Frank Rich has a column today on the new movement on Don't Ask, Don't Tell, noticing that the right wing types have been surprisingly quiet.

To a degree unimaginable as recently as 2004 — when Karl Rove and George W. Bush ran a national campaign exploiting fear of gay people — there is now little political advantage to spewing homophobia. Indeed, anti-gay animus is far more likely to repel voters than attract them. This equation was visibly eating at Orrin Hatch, the Republican senator from Utah, as he vamped nervously with Andrea Mitchell of MSNBC last week, trying to duck any discernible stand on Mullen’s testimony. On only one point was he crystal clear: “I just plain do not believe in prejudice of any kind.”
I sincerely hope this is the case.  But it is hard to believe such an enlightened public exists, given the Tea Party fever of this weekend.  Of course, the TP types are a minority, but as we have seen in the Senate, it is relatively easy for minorities to block progress.
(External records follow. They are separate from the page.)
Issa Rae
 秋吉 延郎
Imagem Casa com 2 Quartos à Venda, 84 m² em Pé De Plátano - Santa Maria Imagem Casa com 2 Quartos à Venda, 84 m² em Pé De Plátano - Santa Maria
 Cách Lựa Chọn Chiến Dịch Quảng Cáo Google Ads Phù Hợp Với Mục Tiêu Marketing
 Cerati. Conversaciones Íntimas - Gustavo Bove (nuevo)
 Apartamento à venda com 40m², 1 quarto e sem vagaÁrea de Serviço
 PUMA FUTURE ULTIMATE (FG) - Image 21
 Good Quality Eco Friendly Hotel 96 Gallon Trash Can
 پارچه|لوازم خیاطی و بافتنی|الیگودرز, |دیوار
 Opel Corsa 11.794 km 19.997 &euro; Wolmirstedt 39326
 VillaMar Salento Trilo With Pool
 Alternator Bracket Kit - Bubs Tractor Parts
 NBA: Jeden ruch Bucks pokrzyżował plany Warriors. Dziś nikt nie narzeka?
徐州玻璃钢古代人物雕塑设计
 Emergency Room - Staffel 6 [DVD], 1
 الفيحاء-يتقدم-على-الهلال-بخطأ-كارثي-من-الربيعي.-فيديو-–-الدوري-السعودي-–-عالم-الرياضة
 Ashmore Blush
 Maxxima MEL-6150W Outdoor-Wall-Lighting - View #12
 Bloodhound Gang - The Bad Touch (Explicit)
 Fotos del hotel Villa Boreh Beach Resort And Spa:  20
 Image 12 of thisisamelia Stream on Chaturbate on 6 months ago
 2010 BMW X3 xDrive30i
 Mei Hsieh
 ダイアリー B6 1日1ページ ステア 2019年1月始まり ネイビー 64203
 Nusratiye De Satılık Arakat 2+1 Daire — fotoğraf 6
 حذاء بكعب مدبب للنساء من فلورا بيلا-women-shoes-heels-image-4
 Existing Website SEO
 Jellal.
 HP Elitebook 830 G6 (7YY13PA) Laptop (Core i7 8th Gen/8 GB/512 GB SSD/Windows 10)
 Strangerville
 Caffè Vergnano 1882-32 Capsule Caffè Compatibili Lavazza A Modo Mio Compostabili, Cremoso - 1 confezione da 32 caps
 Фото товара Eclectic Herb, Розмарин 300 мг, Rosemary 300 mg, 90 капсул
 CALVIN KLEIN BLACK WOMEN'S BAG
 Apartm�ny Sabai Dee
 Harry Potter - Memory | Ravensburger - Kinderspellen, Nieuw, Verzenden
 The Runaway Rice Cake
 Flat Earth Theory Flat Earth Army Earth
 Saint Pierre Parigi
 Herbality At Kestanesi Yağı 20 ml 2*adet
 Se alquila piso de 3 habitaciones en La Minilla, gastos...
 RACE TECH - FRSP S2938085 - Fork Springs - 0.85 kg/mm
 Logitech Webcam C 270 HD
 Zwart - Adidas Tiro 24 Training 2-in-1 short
Anyway, it was notable that Colin Powell changed his mind, despite being a major contributor to the regrettable status quo.  He presented a major challenge to civil-military relations back in the Clinton Administration by being the face of opposition to gays in the military.  Now, circumstances have apparently changed for him as well. [Ironically, the NYT has a piece on movies where the hero is a rebel (Avatar, District 9), turning his back on his friends--is this Powell's role now?]
McCain aside, the most common last-ditch argument for preserving “don’t ask” heard last week, largely from Southern senators, is to protect “troop morale and cohesion.” Every known study says this argument is a canard, as do the real-life examples of the many armies with openly gay troops, including those of Canada, Britain and Israel. But the argument does carry a telling historical pedigree. When Harry Truman ordered the racial integration of the American military in 1948, Congressional opponents (then mainly Southern Democrats) embraced an antediluvian Army prediction from 1940 stating that such a change would threaten national defense by producing “situations destructive to morale.” History will sweep this bogus argument away now as it did then.
Despite the existence of homophobia in the ranks (not too mention the Christian fundamentalism that seems to predominate in the US Air Force), the kids of today in the military are pretty hip:
I can tell you with certainty that if the ban were lifted tomorrow -- no year of preparation -- life would go on exactly as it did before....Life would go on. Mostly what I heard after Admiral Mullen's declaration was, "it's about time." There is no question if the military is ready -- the military is waiting.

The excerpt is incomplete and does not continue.